Task requirements:
Since pictures are not part of the copy, please output only the lines from the one with "New York Mets" through the end of the data below, exactly as written.

┌─ Recorded information

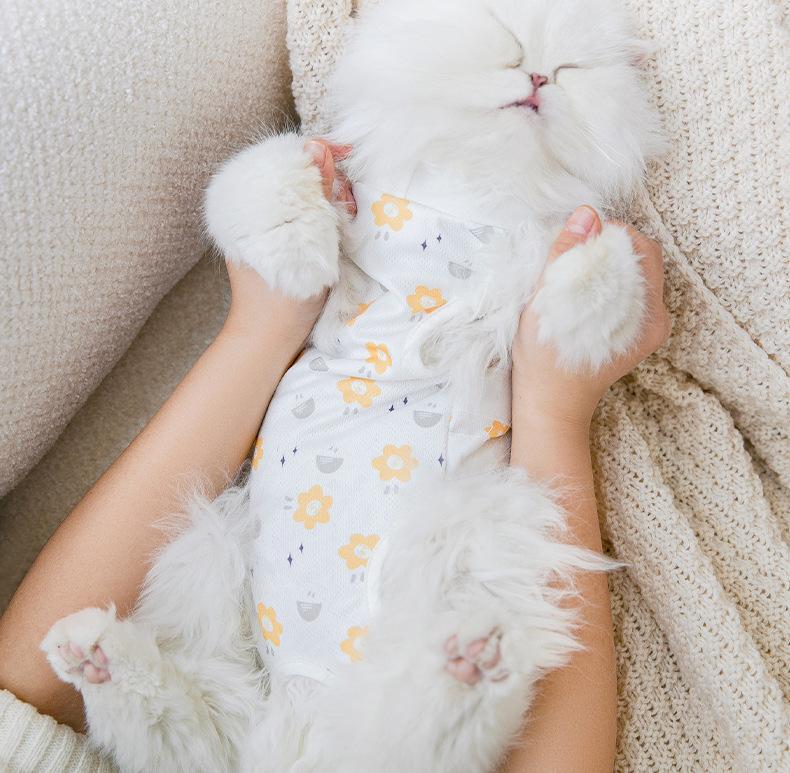 Cat Sterilization Clothes Full Print Ribbon Anti-Licking Pet Clothes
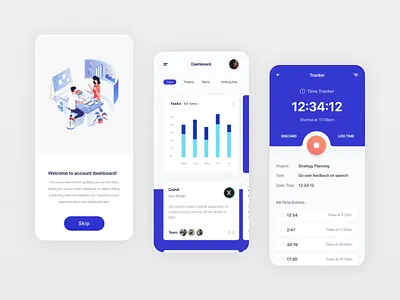 Taskwel mobile apps app cards chart dashboard graph illustration interface onboarding task app task flow task list task management tasks team timer ui ux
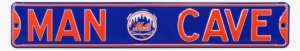 New York Mets “man Cave” Authentic Street Sign - Wall Sign: Man Cave Chicago Bears Steel Sign, 6x36in.
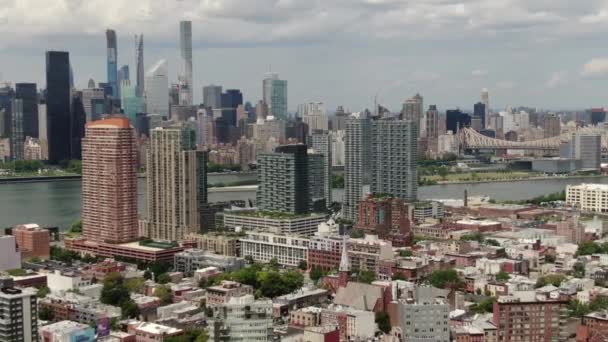Antena Manhattan Cidade Nova Iorque — Vídeo de Stock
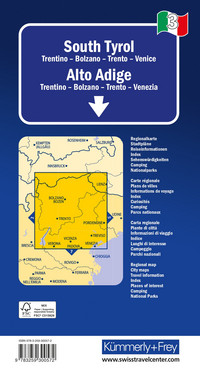 Italien, Südtirol, Nr. 03, Regionalstrassenkarte 1:200'000 Italien, Südtirol, Nr. 03, Regionalstrassenkarte 1:200'000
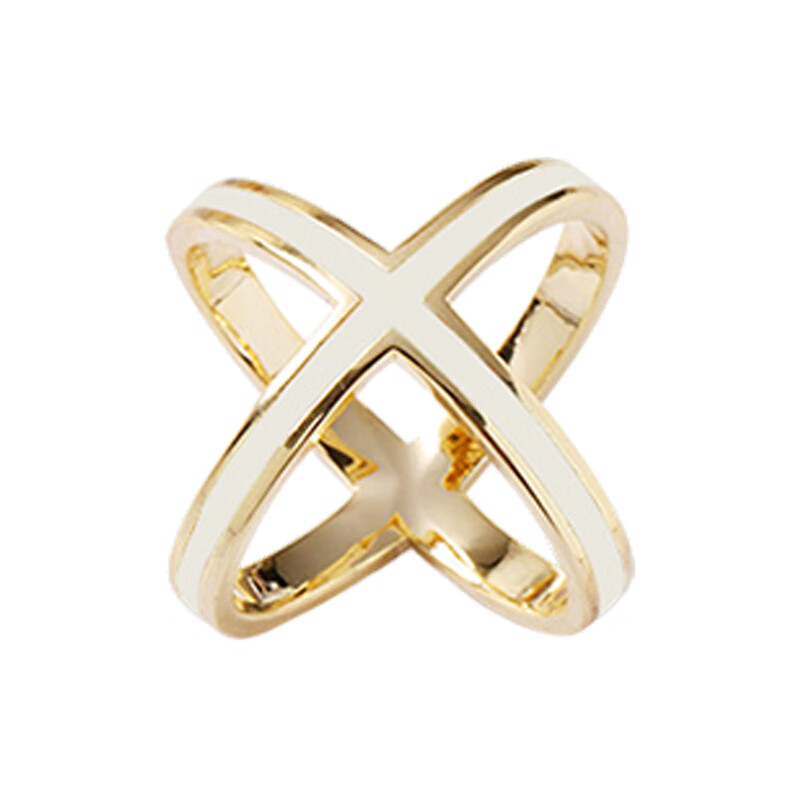 冠带X字母造型胸针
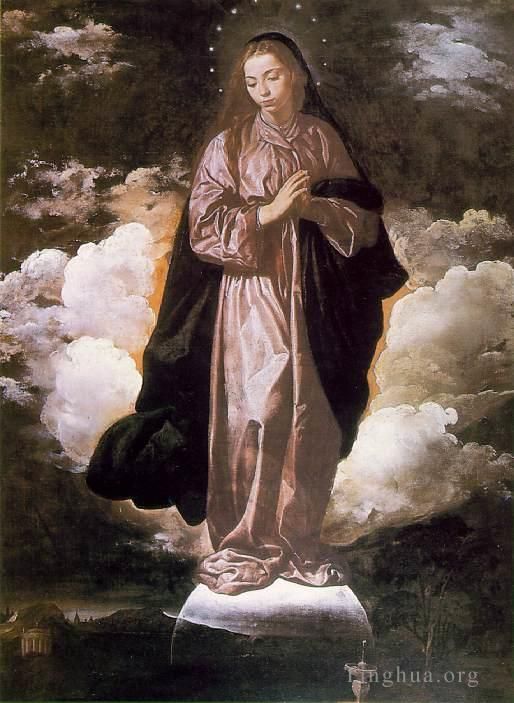 迭戈·委拉斯开兹 的油画作品 -  《圣母无染原罪》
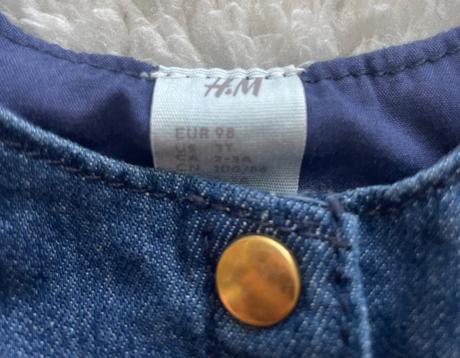 Tmavomodre riflove saty h&m, h&m,98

└─

Expected answer:
 New York Mets “man Cave” Authentic Street Sign - Wall Sign: Man Cave Chicago Bears Steel Sign, 6x36in.
Antena Manhattan Cidade Nova Iorque — Vídeo de Stock
 Italien, Südtirol, Nr. 03, Regionalstrassenkarte 1:200'000 Italien, Südtirol, Nr. 03, Regionalstrassenkarte 1:200'000
 冠带X字母造型胸针
 迭戈·委拉斯开兹 的油画作品 -  《圣母无染原罪》
 Tmavomodre riflove saty h&m, h&m,98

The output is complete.